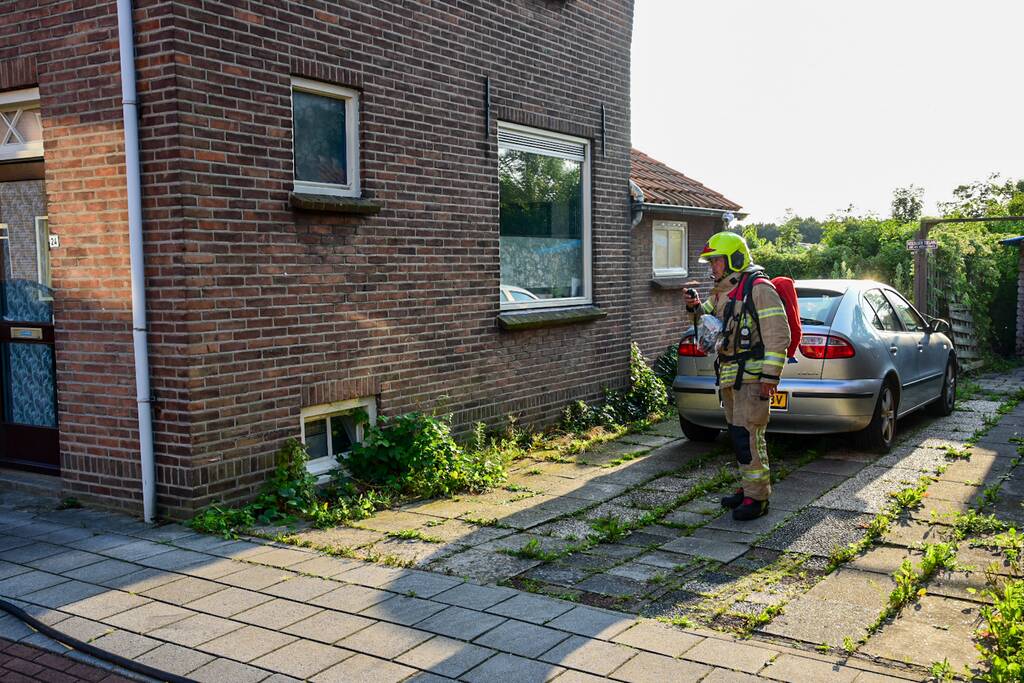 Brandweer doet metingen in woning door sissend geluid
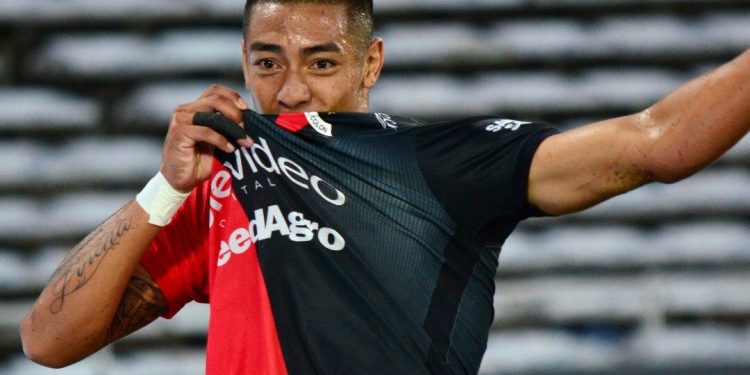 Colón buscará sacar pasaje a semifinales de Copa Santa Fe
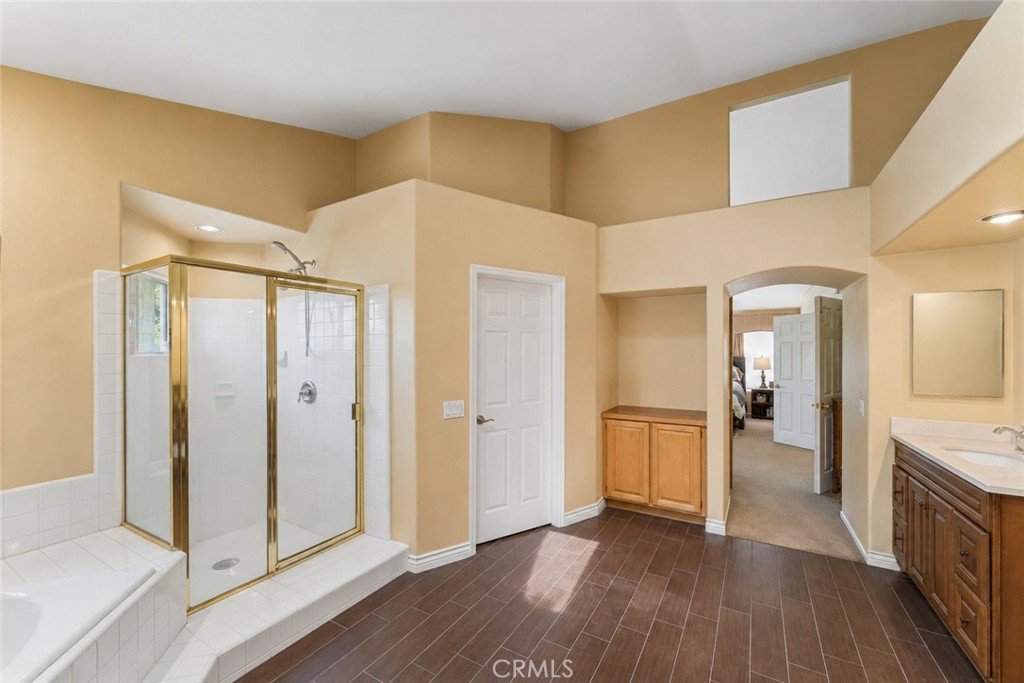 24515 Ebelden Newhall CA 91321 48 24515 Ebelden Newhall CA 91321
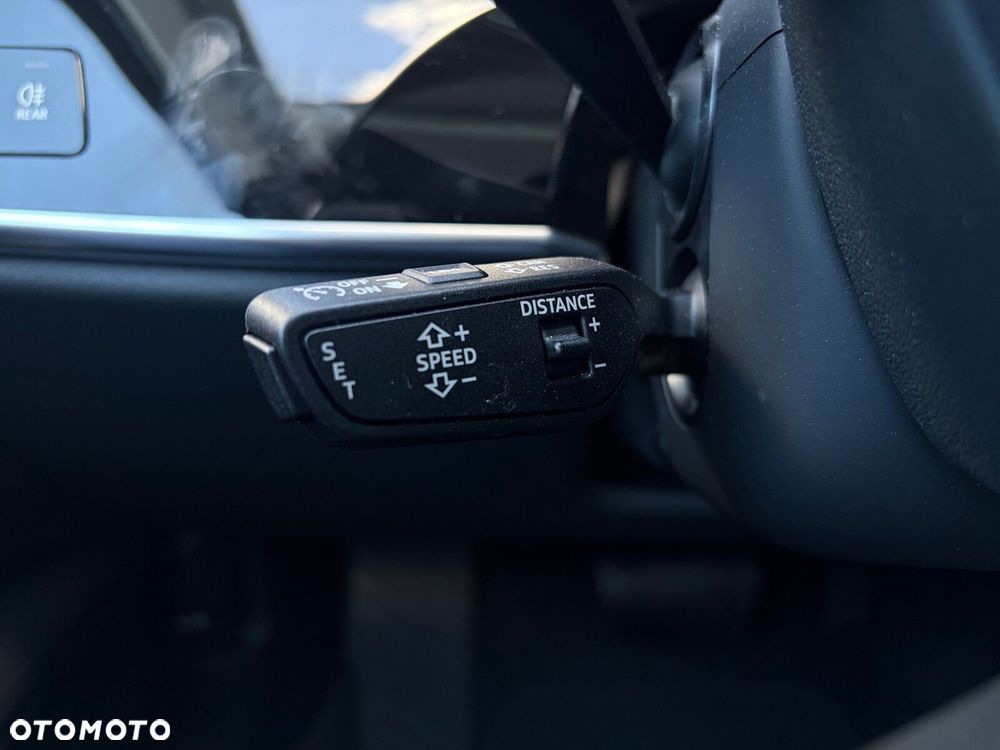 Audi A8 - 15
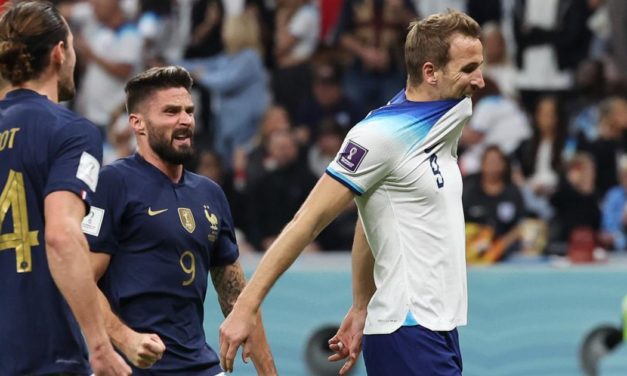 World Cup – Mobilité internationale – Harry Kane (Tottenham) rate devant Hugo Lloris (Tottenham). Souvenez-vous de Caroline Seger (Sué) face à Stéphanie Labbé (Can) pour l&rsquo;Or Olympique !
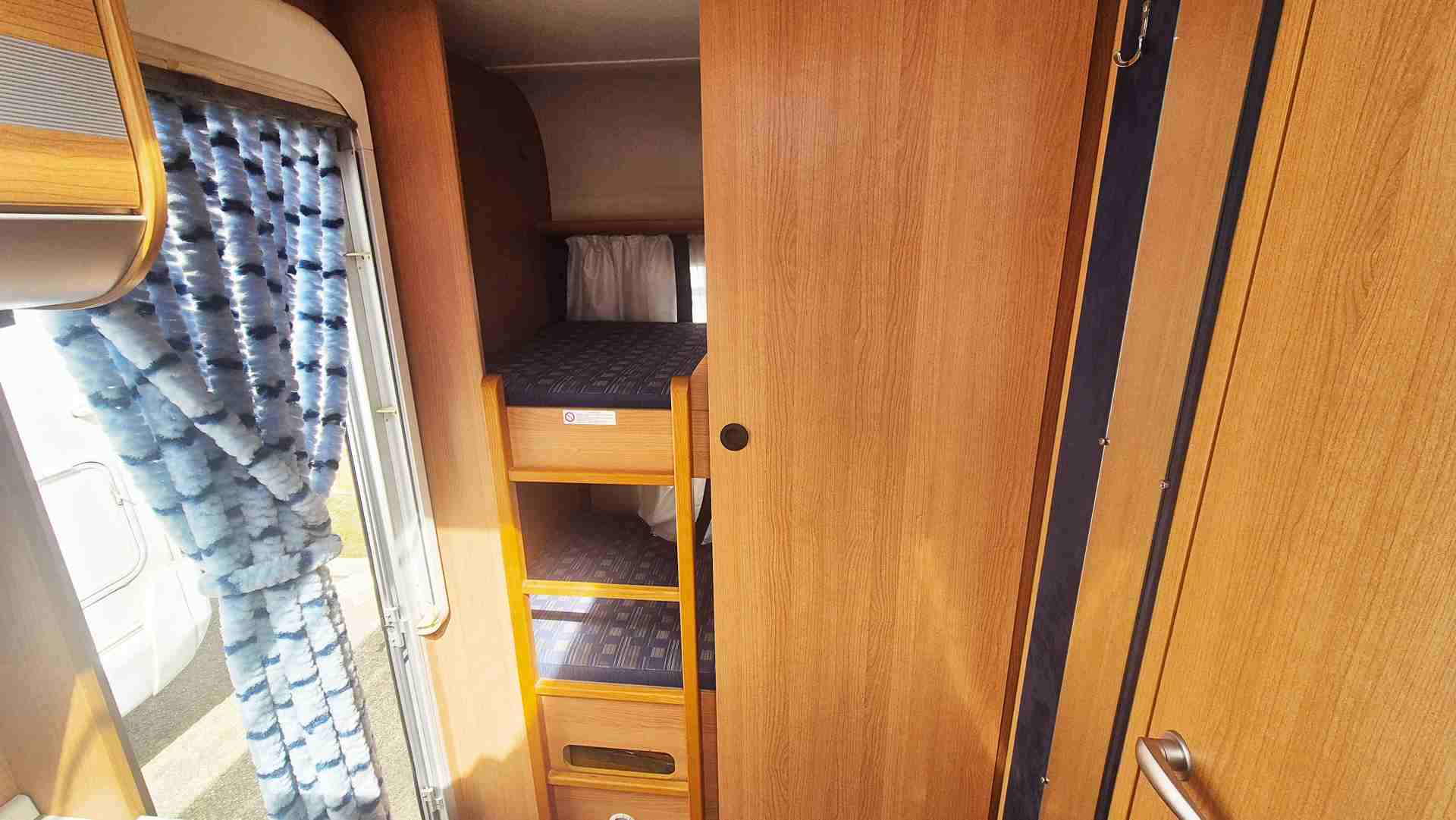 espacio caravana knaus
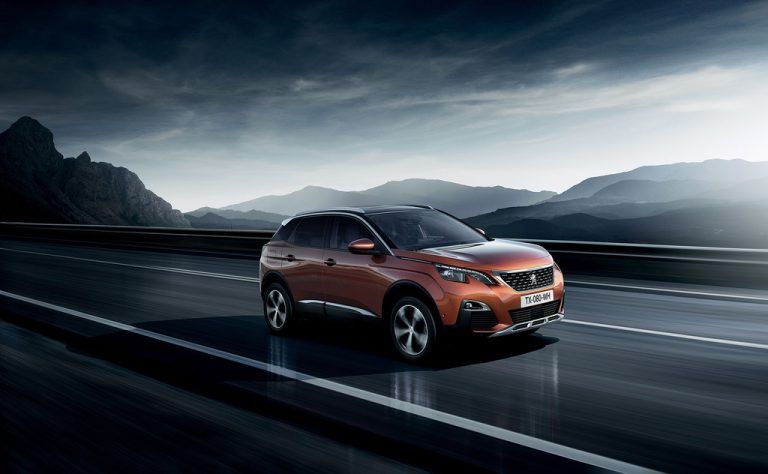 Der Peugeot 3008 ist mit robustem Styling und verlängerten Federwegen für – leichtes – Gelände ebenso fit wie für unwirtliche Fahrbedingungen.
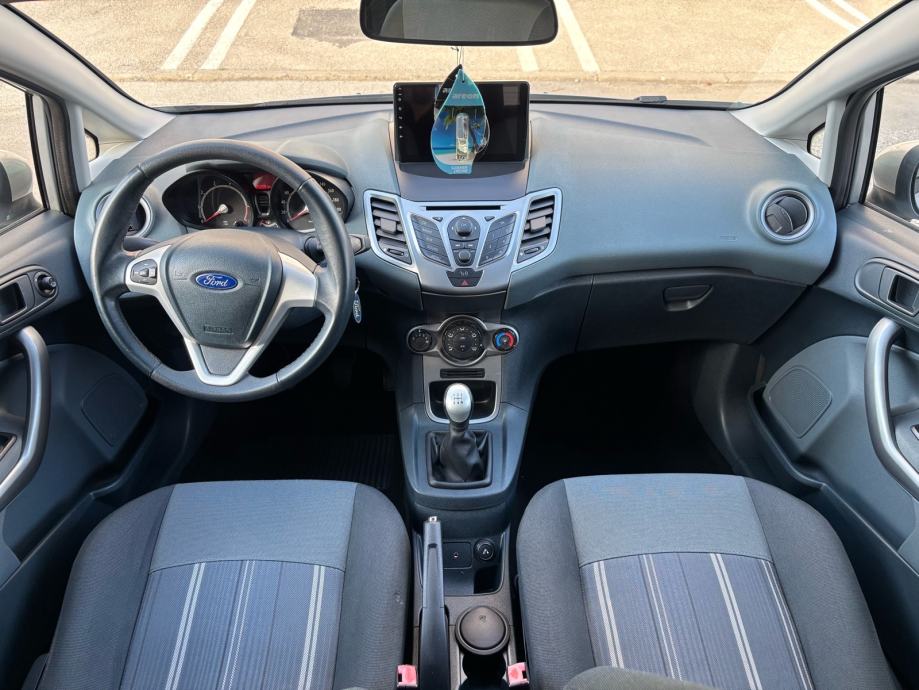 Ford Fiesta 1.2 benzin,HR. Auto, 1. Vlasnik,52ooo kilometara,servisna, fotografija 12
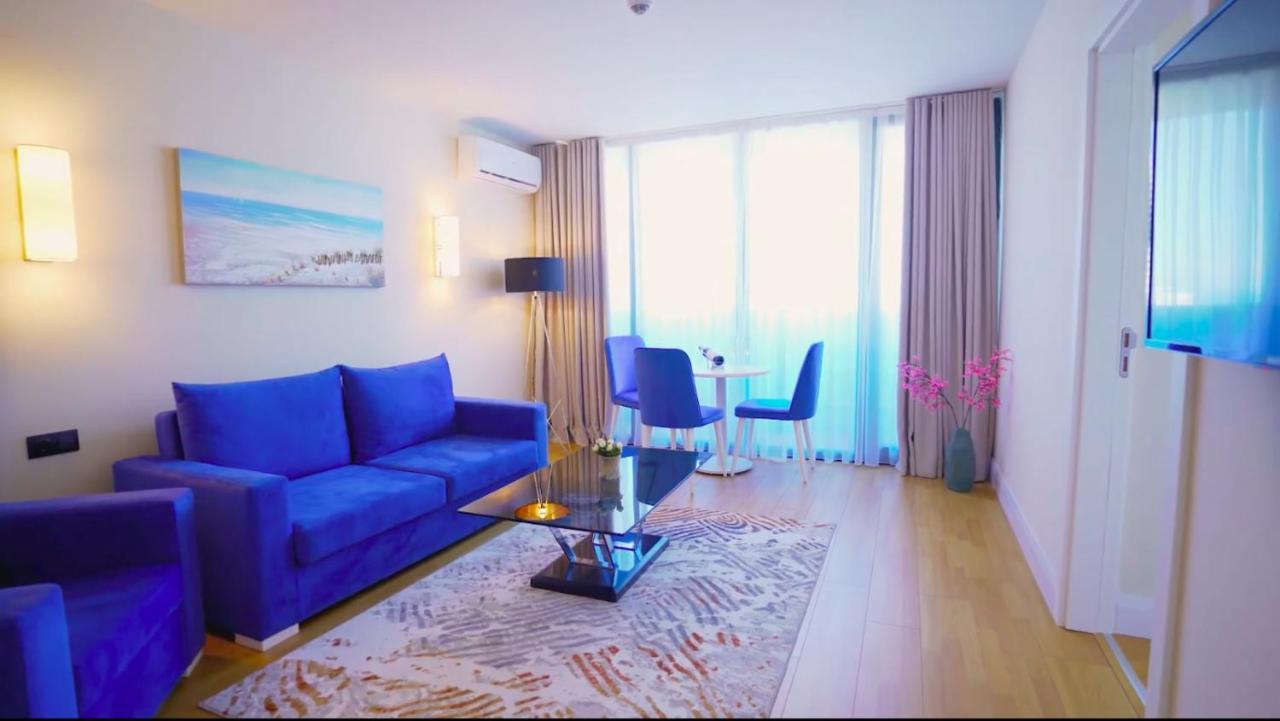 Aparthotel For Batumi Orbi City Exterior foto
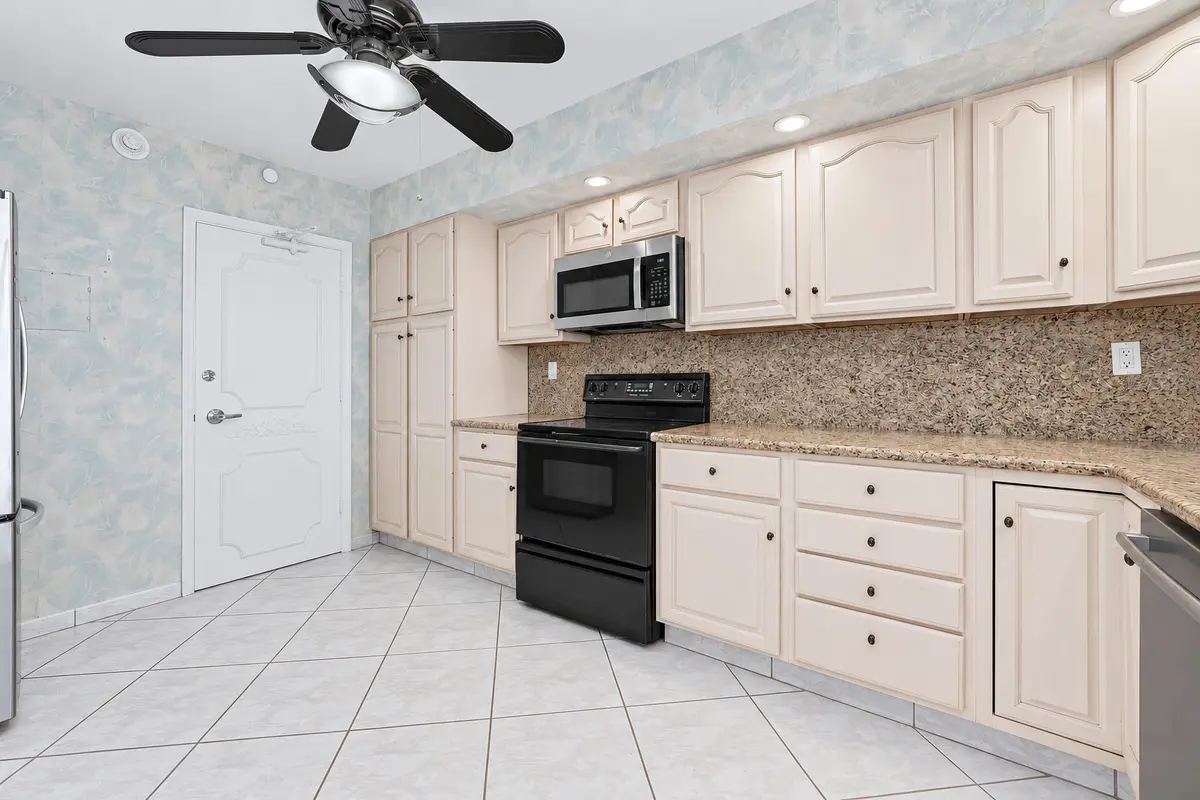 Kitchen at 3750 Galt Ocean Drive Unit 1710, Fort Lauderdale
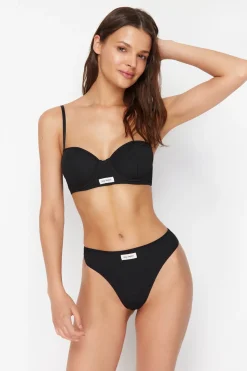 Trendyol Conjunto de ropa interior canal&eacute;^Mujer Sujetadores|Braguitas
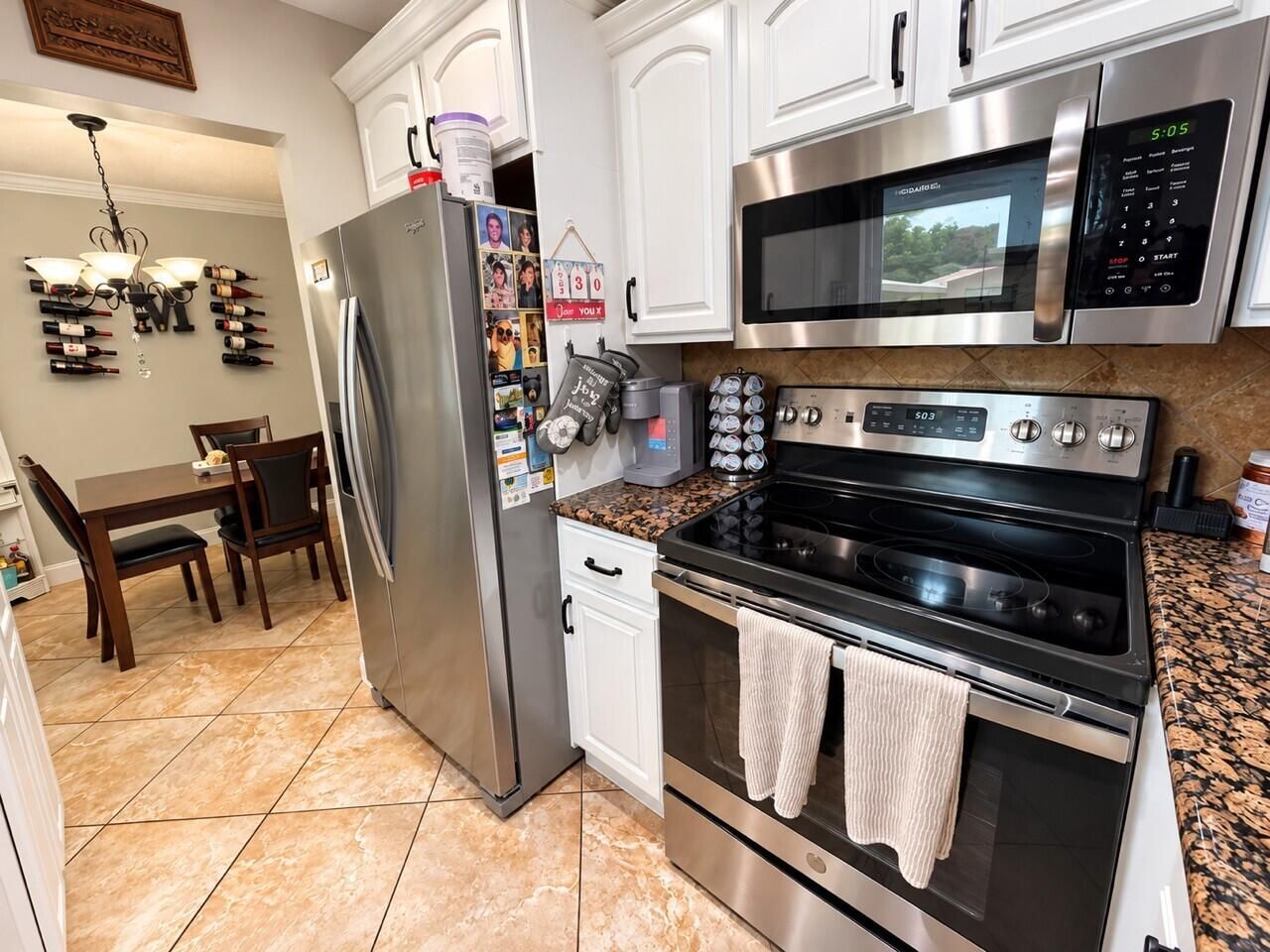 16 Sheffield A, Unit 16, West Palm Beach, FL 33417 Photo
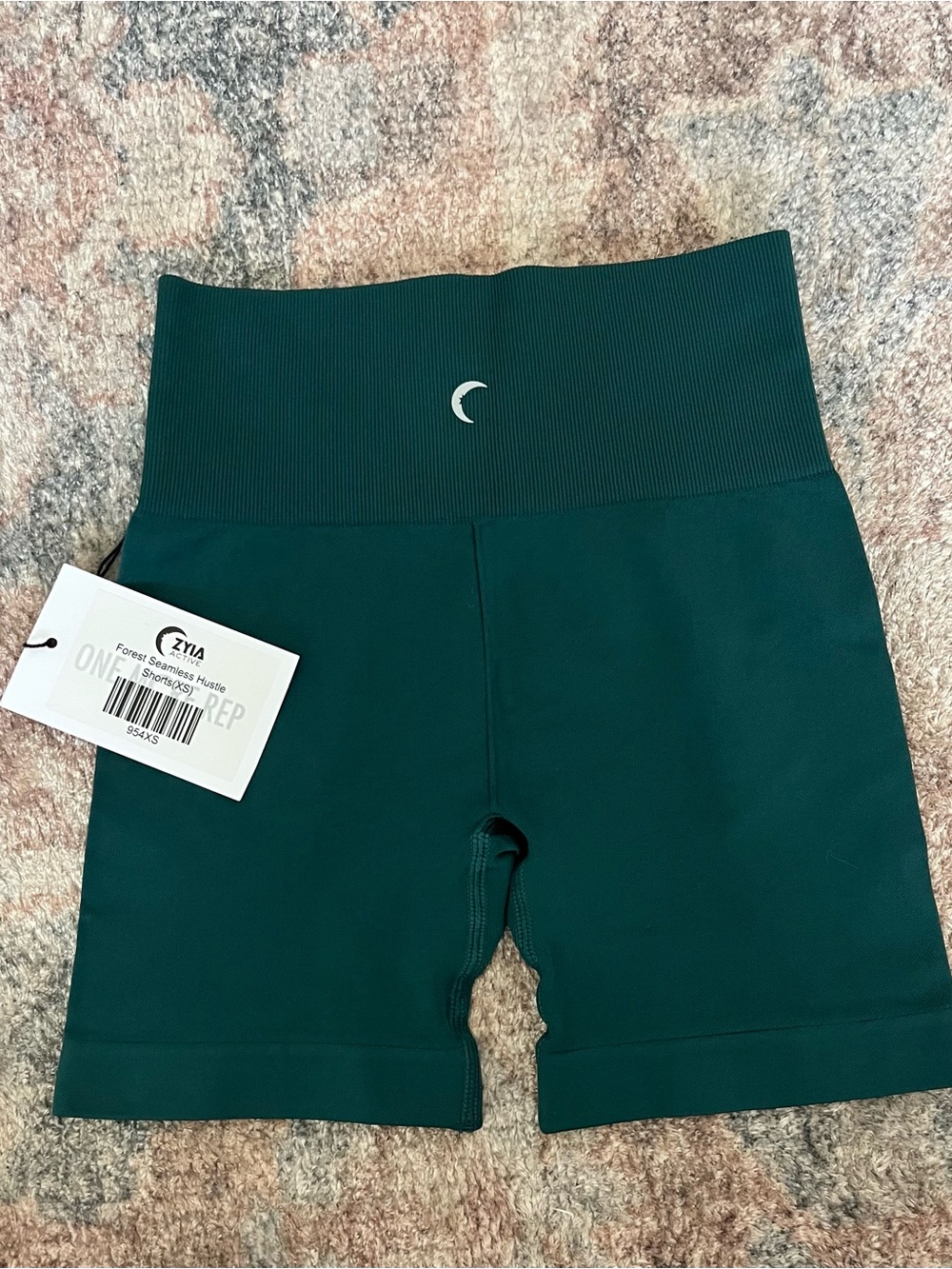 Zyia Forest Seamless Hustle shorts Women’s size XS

___

▶ _Problem description_
Each entry above must be duplicated precisely; none of the pictures may be included.

▶ _Finished task_
 Brandweer doet metingen in woning door sissend geluid
 Colón buscará sacar pasaje a semifinales de Copa Santa Fe
 24515 Ebelden Newhall CA 91321 48 24515 Ebelden Newhall CA 91321
 Audi A8 - 15
 World Cup – Mobilité internationale – Harry Kane (Tottenham) rate devant Hugo Lloris (Tottenham). Souvenez-vous de Caroline Seger (Sué) face à Stéphanie Labbé (Can) pour l&rsquo;Or Olympique !
 espacio caravana knaus
 Der Peugeot 3008 ist mit robustem Styling und verlängerten Federwegen für – leichtes – Gelände ebenso fit wie für unwirtliche Fahrbedingungen.
 Ford Fiesta 1.2 benzin,HR. Auto, 1. Vlasnik,52ooo kilometara,servisna, fotografija 12
 Aparthotel For Batumi Orbi City Exterior foto
 Kitchen at 3750 Galt Ocean Drive Unit 1710, Fort Lauderdale
 Trendyol Conjunto de ropa interior canal&eacute;^Mujer Sujetadores|Braguitas
 16 Sheffield A, Unit 16, West Palm Beach, FL 33417 Photo
 Zyia Forest Seamless Hustle shorts Women’s size XS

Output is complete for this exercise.